How to keep the sound quality high using a lossless format
Most of us have a collection of digital music on our computer, whether downloaded from a music service or copied from CDs, and this collection is usually stored as MP3, WMA or AAC files.
These file formats use technical wizardry to squeeze the musical information into as small a file as possible, but a side effect of this is that the sound quality isn’t as good as the original source.
Years ago, this was accepted as a necessary evil, since hard disks were small and expensive and storing higher-quality music just wasn’t practical.
But the average PC now has a huge amount of storage space, so why do we still use these low-quality, space-saving formats? As we will show in this article, if you value the quality of your music, it’s very easy to store it in a format that keeps the hi-fi sound quality of the CD.
The big squeeze
The ability to carry around several thousand music tracks on a device that fits into your pocket would once have been dismissed as an outrageous fantasy. But with the invention of the MP3 audio file format in the mid-1990s, this fantasy became a reality.

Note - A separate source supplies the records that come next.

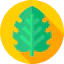 Monstera 图标 64x64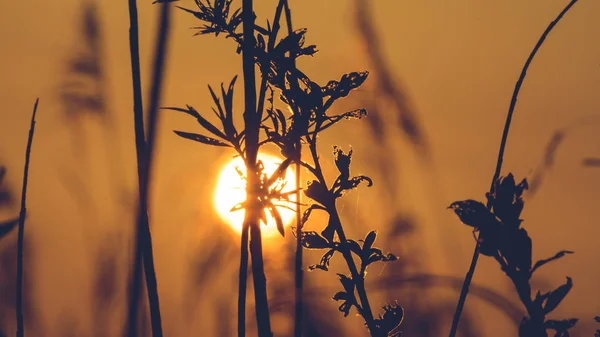 ロンググラスDの背後にある太陽の夕日の眺め — ストック写真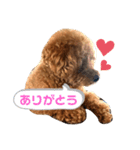 Bell stamp 0603（個別スタンプ：8）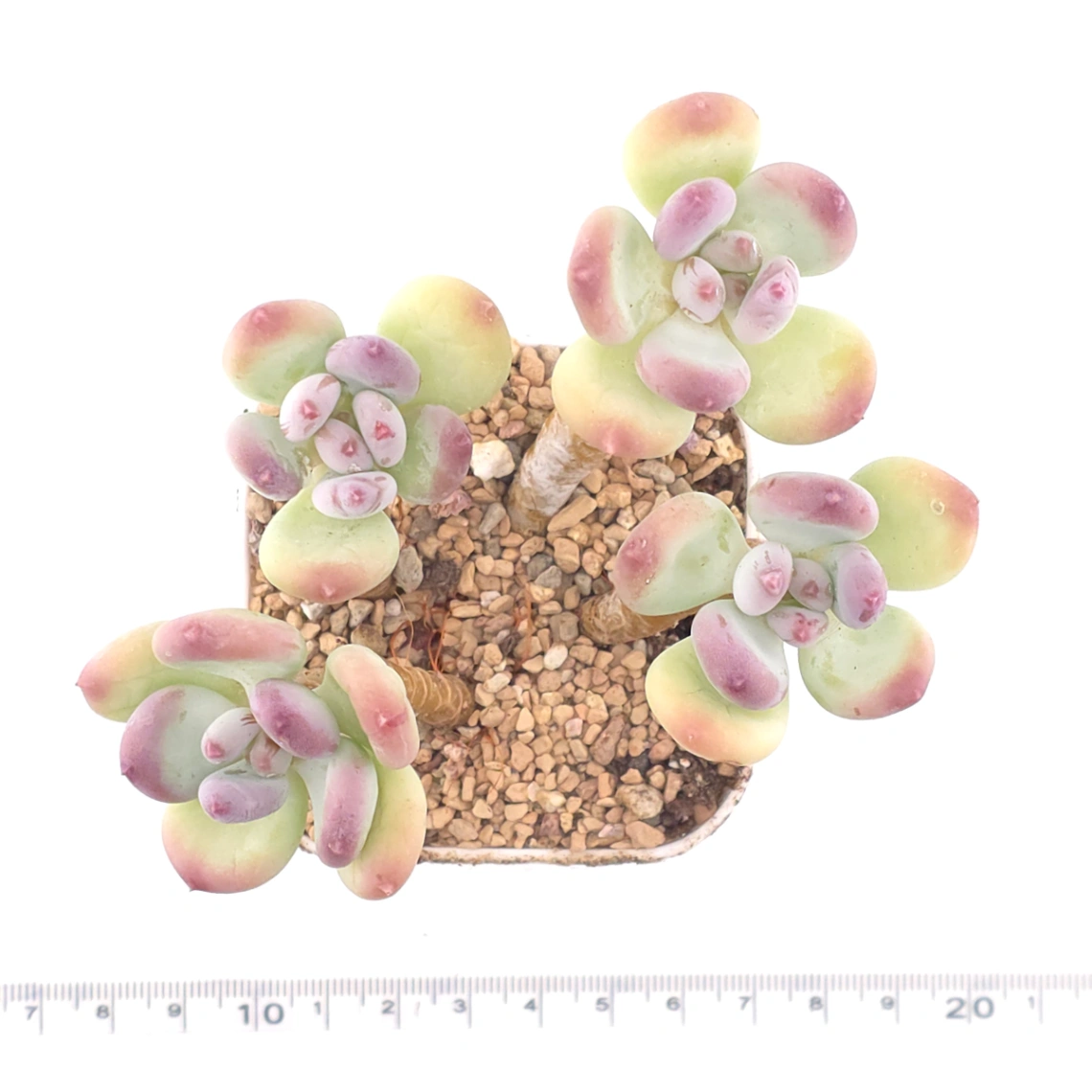 Pachyphytum 'Mikadukibijin' | 三日月美人 thumbnail 3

The key to the success of MP3 was that it allowed a complete audio CD, which normally takes up around 600MB of hard disk space, to be squeezed into 50MB or less. Since then, other audio formats have appeared, such as Windows WMA and Apple’s AAC, which work in a similar way.
We’re not particularly concerned with the technical wizardry of how this squeezing, more correctly called compression, works (if you are interested, see the Wikipedia article on MP3), but it uses a type of compression known as ‘lossy’. This means that, to reduce the size of the file, bits of digital information that aren’t deemed necessary are discarded.

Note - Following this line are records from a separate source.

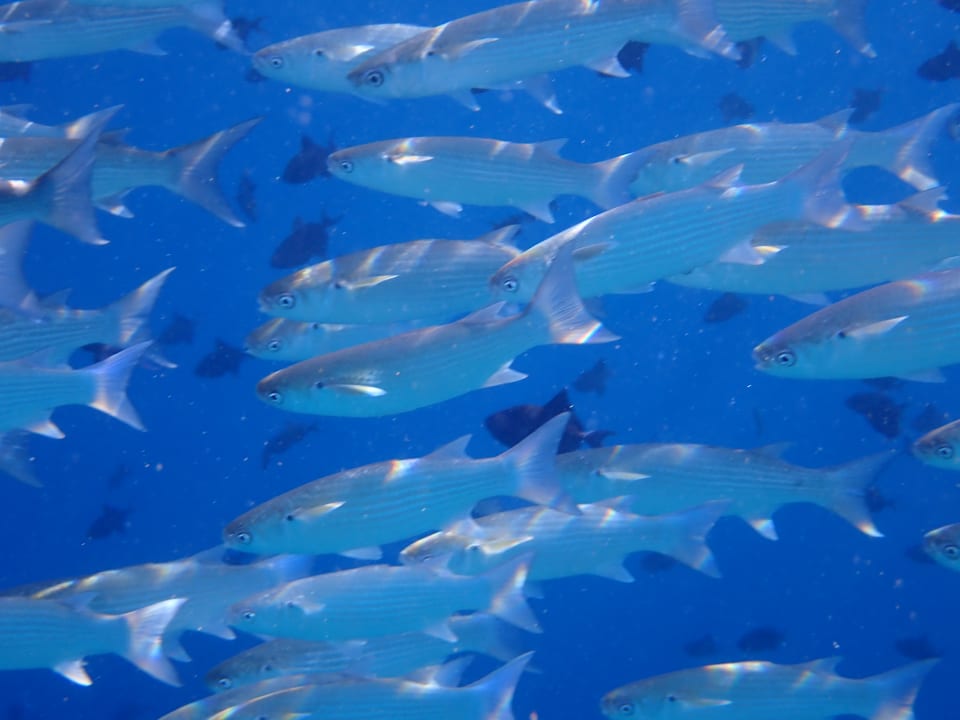 Sport & Freizeit Filitheyo Island Resort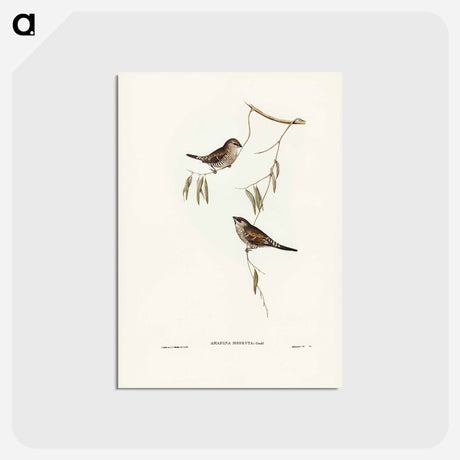 アートポストカード-Plain-coloured Finch
 - ジョン グールド Postcard.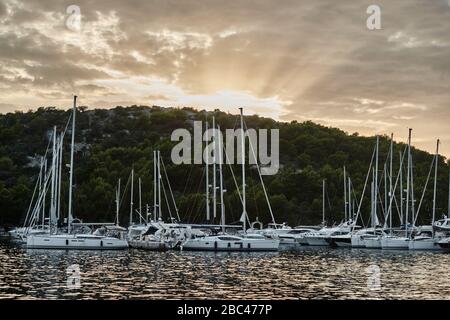 Segelboote in einem Yachthafen auf den Kroatien-Inseln bei Sonnenuntergang, Bäume im Hintergrund, Sonnenschein Stockfoto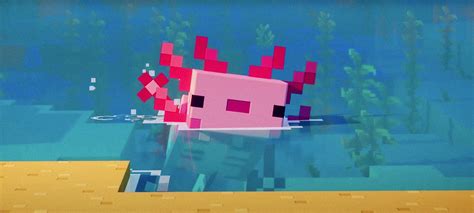 Everything You Need To Know About Axolotls In Minecraft Cyberpost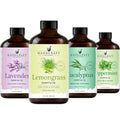Lemongrass Peppermint Eucalyptus Lavender Essential Oil Set 4 Fl. Oz R140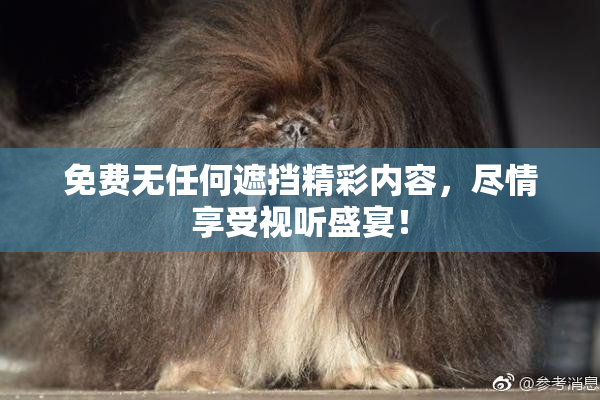免费无任何遮挡精彩内容，尽情享受视听盛宴！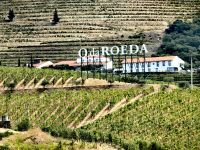 Quinta da Roeda, hier haben wir Portwein verkostet, Pinhao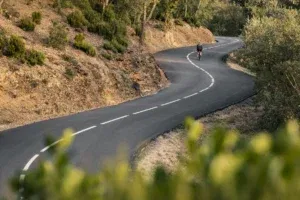 Training Progression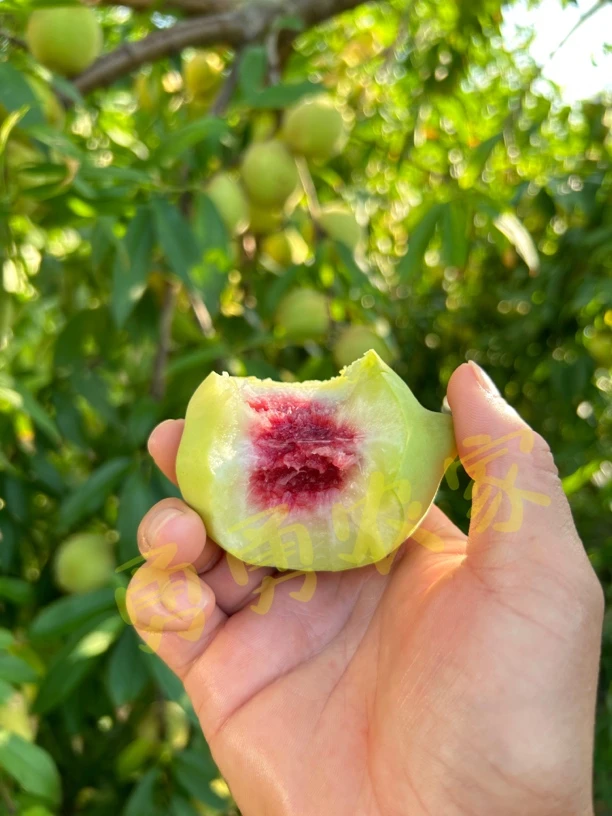 青脆甜桃祁东八月桃5斤包邮果园现摘现发新鲜清阿甜土特产农产品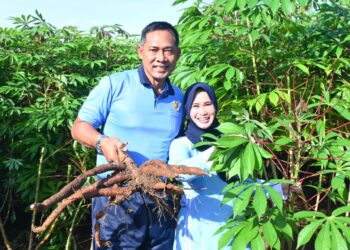 Lanud Pattimura Panen Singkong dan Semangka, Optimalkan Lahan untuk Dukung Ketahanan Pangan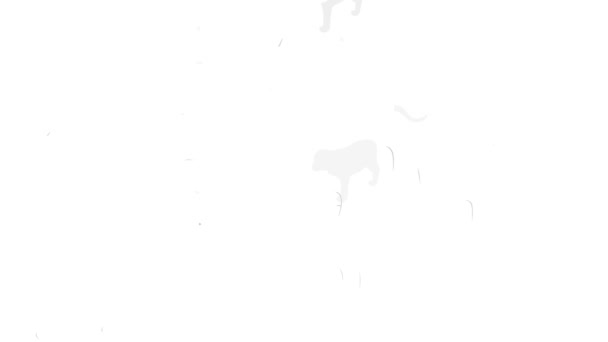 Анимация иконы белого тигра — стоковое видео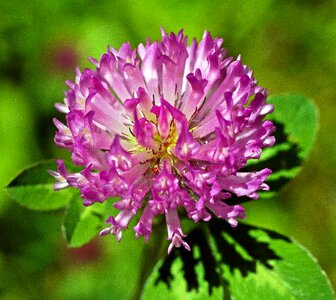 Flower nature plant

How this is determined is clever, but the end result is that the audio quality is degraded from the original. Thanks to the ingenuity of the scientists, it is quite hard for most people to tell the difference between a high-quality MP3 file and a CD track but the more the sound is compressed, the worse the audio quality gets. Listen to an older MP3 file then the CD copy and the difference should be obvious.
What’s even worse is that the bits that are thrown away during the compression process are permanently removed, so the original sound quality can never be recreated. And if you take a compressed MP3 file and try to compress it even more, the sound can get a lot worse.